Con el gastado argumento de reemplazar una ley “de la dictadura” (con la que convivieron durante seis años sin chistar), ahora los Kirchner lanzaron la ofensiva final. Agustín Rossi admitió en el “debate” en Diputados que violentó las normas para que la votación se produjera a cualquier precio. Lo justificó el flexible Pino Solanas: “Postergarla podría ser una nueva trampa para no hacerlo jamás”.
En la izquierda y en varias celebridades mediáticas, que pese a haber amasado fortunas al servicio de radios y canales privados se muestran embriagadas de asombroso entusiasmo revolucionario, hay felicidad. Solanas declaró que el Gobierno demostró sensibilidad a las críticas, porque “corregir errores no es debilidad, sino una señal de sensatez política”, aunque de inmediato advirtió que se debe hacer lo que el kirchnerismo no hizo ni piensa hacer, porque esta ley “debe tratarse con los tiempos que exija un amplio y profundo debate”. Pese a que su socio Claudio Lozano votó con los Kirchner, admite sin embargo que “el kirchnerismo es adicto al apriete y el chantaje”.
Curioso y desesperante progresismo argentino.
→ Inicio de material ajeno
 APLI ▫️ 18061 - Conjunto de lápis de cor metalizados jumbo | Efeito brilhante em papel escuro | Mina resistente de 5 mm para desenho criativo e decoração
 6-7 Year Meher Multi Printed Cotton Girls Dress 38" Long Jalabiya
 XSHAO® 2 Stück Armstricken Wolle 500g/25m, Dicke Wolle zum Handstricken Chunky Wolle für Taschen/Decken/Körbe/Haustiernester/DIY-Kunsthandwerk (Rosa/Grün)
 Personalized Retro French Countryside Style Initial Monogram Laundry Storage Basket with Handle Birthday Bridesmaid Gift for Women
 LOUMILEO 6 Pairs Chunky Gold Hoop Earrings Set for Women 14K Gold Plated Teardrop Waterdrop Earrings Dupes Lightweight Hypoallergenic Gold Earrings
Hasta el Partido Socialista (cuya Casa del Pueblo fue quemada por el peronismo en 1953 y su periódico La Vanguardia fue prohibido) se plegó ahora a los Kirchner.
Eduardo Macaluse, ex ARI, se pregunta: “¿Cuál es la tentación del oficialismo?”. Responde: “Evitar que en la ley aparezcan controles que puedan limitar la pulsión de poder ilimitado de los gobernantes. Sobre esto nosotros, como oposición, tenemos la obligación de avanzar”. ¿Cómo? Votando la ley de los Kirchner, exótico revival del viejo “entrismo” trotskista del siglo XX, cuando mimetizarse en el peronismo equivalía a radicalizarlo.
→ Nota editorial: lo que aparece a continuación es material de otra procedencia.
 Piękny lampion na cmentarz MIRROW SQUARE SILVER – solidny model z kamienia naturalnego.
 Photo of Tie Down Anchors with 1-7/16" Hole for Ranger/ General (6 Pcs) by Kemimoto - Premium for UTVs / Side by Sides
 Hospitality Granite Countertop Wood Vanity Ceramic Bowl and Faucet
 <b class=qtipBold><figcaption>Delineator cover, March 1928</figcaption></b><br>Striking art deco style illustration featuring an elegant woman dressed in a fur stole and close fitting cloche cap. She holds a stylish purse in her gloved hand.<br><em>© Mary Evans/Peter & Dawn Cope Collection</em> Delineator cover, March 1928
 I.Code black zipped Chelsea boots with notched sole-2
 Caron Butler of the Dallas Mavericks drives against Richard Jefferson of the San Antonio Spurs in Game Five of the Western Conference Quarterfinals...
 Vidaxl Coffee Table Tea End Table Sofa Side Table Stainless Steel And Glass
Con candidez, Macaluse, cuyo bloque, como los seguidores de Solanas, converge con el kirchnerismo, se pregunta: “¿Qué es lo que tenemos que hacer nosotros?” Respuesta: “Evitar que quien está en el poder tenga un poder ilimitado. Debe aceptar ser limitado”.
Contradictoria, ingenua, hipócrita, mentirosa, ignorante o entusiasta a toda prueba, la izquierda entona melodías de hace medio siglo, aunque admite melancólicamente que los kirchneristas no dieron posibilidades de nada. Confiesa Macaluse: “Hemos trabajado en la iniciativa, pero creo que se podría haber trabajado más. Con una semana más habríamos llegado a sancionar un proyecto mejor”. No hubo tal semana más. El proyecto debía salir sí o sí, y ya mismo. Niegan o pretenden ignorar la verdadera y tétrica historia kirchnerista en materia de organismos regulatorios: desde 2003 permanecen intervenidos por el Ejecutivo la casi totalidad de los entes regulatorios.
¿Por qué el nuevo Comfer kirchnerista sería ahora portento de participación, pluralidad, transparencia y eficacia? De Lenin hasta hoy, pasando por Stalin, Mao y Fidel, la izquierda ha querido creer. En ese fatigoso intento de fe se incineró en realismos abyectos. Tampoco en esto la Argentina aporta alguna originalidad interesante.